A puppet module built to completely install hadoop at the most basic usable level, based on bcarpio/puppet-hadoop, it had near complete overhaul and update.
-
Install the module by cloning the repository into /etc/puppet/modules directory under a folder named hadoop
-
In the modules/hadoop/manifests/params.pp file edit these parameters to match your setup:
$domain = $::hostname ? {
default => ".bigdata.lab",
}
$master = $::hostname ? {
default => "hadoopMaster",
}
$slaveprefix = $::hostname ? {
default => "hadoopSlave",
}
$numofslaves = $::hostname ? {
default => "15",
}
- Add into your site.pp:
node hadoopBase {
class { "hadoop": }
class { "java": }
}
node /hadoopMaster/ inherits hadoopBase {
class { "hadoop::master": }
}
node /hadoopSlave/ inherits hadoopBase { }
At this point as long as your machines are running the puppet agent and have the right hostnames they should be installing hadoop.
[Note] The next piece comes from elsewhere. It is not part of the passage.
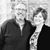 Michelle Cherrette MacDonald's profile image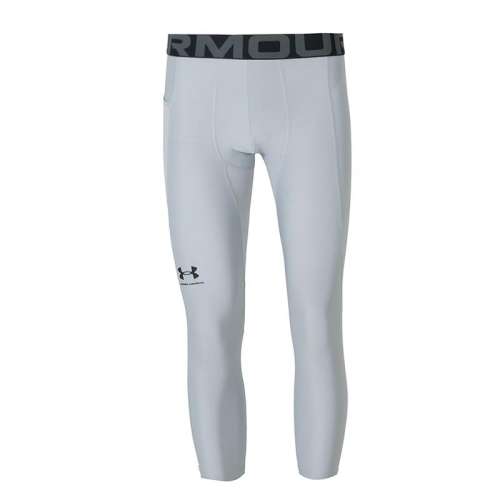 ۻ㣺1361588-011 M ӪUAп¿п˶㽡ѵʱп141.55Ԫ(88VIP 95)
Once all the machines have successfully run their puppet manifests simply SSH into your master node, and run /opt/hadoop/hadoop/bin/start-all.sh
In order to update hadoop to the latest version, download the most recent tar.gz file from http://hadoop.apache.org/common/releases.html and place it into the modules/hadoop/files directory. After downloading make sure to update the params.pp file with the latest version number.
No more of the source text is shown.